By David Shepardson and Echo Wang
(Reuters) -Chinese-owned social media site TikTok told U.S. senators it was working on a final agreement with the Biden Administration that would "fully safeguard user data and U.S. national security interests," according to a letter seen Friday by Reuters.
TikTok Chief Executive Shou Zi Chew told senators in a letter dated Thursday the short video app was working with Oracle Corp on "new advanced data security controls that we hope to finalize in the near future."
Last month, TikTok said it had completed migrating information on its U.S. users to servers at Oracle but it was still using U.S. and Singapore data centers for backup.
TikTok's letter acknowledged that China-based employees "can have access to TikTok U.S. user data subject to a series of robust cybersecurity controls and authorization approval protocols overseen by our U.S.-based security team."
TikTok said as it continues to work on data issues it expects "to delete U.S. users protected data from our own systems and fully pivot to Oracle cloud servers located in the U.S."
A TikTok spokesperson confirmed the company sent a response to the senators' letter. "We look forward to connecting with Members of congress to discuss the substance of our letter," the spokesperson said in a statement to Reuters.
Republican Senator Marsha Blackburn said TikTok "should have come clean from the start but instead tried to shroud their work in secrecy.
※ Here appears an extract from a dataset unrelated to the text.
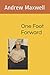 One Foot Forward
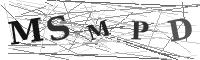 Please refresh your browser to see this image.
Americans need to know that if they are on TikTok, Communist China has their information. TikTok needs to come back and testify before Congress."
The letter comes nearly two years after a U.S. national security panel ordered parent company ByteDance to divest TikTok because of fears that U.S. user data could be passed on to China's communist government.
"We know we are among the most scrutinized platforms from a security standpoint and we aim to remove any doubt about the security of U.S. user data," the letter said.
TikTok is one of the world's most popular social media apps, with more than 1 billion active users globally, and counts the United States as its largest market.